Germany beefs up military funding in response to invasion

Germany beefs up military funding in response to invasion Source: Wikipedia

The Ukrainian invasion has resulted in a swift about turn of the longstanding German policy that favoured deterrence over conflict, with Chancellor Olaf Scholz announcing that it is to beef up military funding.

Germany has long resisted calls to increase its spending on the military however this was overturned by Mr Scholz who announced a one-time increase of 100 billion euros and a pledge to spend two percent of the country’s economic output on defence. Germany has in all its years as a member of NATO never met the two percent investment that the organisation requires of its members.

Mr Scholz went on to suggest that the increase should be enshrined in law to make sure the country does not make the same mistake again.

Making the announcement Mr.
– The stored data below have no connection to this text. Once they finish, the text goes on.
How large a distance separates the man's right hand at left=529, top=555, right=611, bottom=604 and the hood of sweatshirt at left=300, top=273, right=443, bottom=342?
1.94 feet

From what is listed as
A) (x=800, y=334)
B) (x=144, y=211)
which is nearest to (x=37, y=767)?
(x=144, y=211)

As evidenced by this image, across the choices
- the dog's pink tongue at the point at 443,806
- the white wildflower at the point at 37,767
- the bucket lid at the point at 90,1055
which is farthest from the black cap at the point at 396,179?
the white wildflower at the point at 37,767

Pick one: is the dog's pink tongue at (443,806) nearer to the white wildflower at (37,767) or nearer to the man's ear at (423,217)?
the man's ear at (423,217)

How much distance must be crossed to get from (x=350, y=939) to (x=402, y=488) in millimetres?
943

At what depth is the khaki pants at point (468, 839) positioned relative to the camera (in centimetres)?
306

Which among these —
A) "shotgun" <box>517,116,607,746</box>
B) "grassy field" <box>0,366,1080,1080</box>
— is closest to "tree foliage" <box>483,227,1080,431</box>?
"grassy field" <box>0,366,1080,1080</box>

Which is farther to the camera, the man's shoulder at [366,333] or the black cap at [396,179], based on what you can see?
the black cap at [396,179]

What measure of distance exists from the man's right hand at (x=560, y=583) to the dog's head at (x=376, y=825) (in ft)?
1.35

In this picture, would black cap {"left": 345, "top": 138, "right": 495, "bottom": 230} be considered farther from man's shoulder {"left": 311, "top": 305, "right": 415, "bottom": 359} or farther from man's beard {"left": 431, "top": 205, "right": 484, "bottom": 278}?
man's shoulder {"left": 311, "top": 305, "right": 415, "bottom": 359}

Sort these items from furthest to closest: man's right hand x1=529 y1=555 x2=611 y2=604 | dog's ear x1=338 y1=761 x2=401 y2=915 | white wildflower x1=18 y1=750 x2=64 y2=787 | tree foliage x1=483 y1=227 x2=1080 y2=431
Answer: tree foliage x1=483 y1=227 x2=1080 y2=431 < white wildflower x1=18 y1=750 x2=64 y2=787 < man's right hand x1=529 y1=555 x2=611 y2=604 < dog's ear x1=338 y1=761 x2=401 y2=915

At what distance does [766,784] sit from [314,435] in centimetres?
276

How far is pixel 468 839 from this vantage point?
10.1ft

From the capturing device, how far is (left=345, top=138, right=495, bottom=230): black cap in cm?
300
Scholz said the Russian military action as having “created a new reality” that “requires a clear response.”

The announcement follows the shift in support for the Ukraine with the government announcing on Saturday that it would now send arms to the country, including 1,000 shoulder-launched anti-tank rockets and 500 surface-to-air Stinger missiles. Germany also announced that it would no longer block the transfer of 400 German-made anti-tank weapons from the Netherlands and that it would allow the Estonian government to send nine Cold-War-era howitzers.

The country also agreed to join the allies in cutting Russian banks from the money transfer network known as SWIFT, also following the lead of other countries by closing its airspace to Russian aircraft.
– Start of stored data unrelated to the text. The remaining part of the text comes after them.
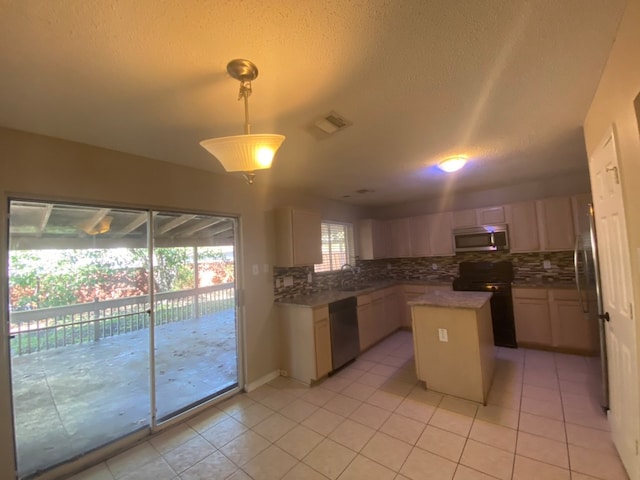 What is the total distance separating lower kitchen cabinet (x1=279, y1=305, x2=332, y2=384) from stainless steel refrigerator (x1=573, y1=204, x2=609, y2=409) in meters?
2.36

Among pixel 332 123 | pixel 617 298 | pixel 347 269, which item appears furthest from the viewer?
pixel 347 269

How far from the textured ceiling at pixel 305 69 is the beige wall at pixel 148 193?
0.17m

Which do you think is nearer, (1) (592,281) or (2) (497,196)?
(1) (592,281)

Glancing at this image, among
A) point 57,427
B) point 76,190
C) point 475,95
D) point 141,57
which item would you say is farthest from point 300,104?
point 57,427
The move marks a major shift from what many described as a weak and poor response to the invasion, the country being pilloried for its approach.

Mr. Scholz also sharpened his rhetoric against Putin who he said: “has cold-bloodedly launched a war of aggression. For one single reason: the freedom of Ukrainians challenges his own oppressive regime.”

The decision has been welcomed by Andriy Melnyk, the Ukrainian ambassador in Berlin whose demands for German weapons fell on seemingly deaf ears for months. He watched the speech from the visitors’ balcony and was given a minute-long standing ovation by lawmakers of all parties.

And for the first time in many years, German politicians were unanimous in their support applauding parts of Mr. Scholz’s remarks that will see Germany beef up its military funding for the first time in years.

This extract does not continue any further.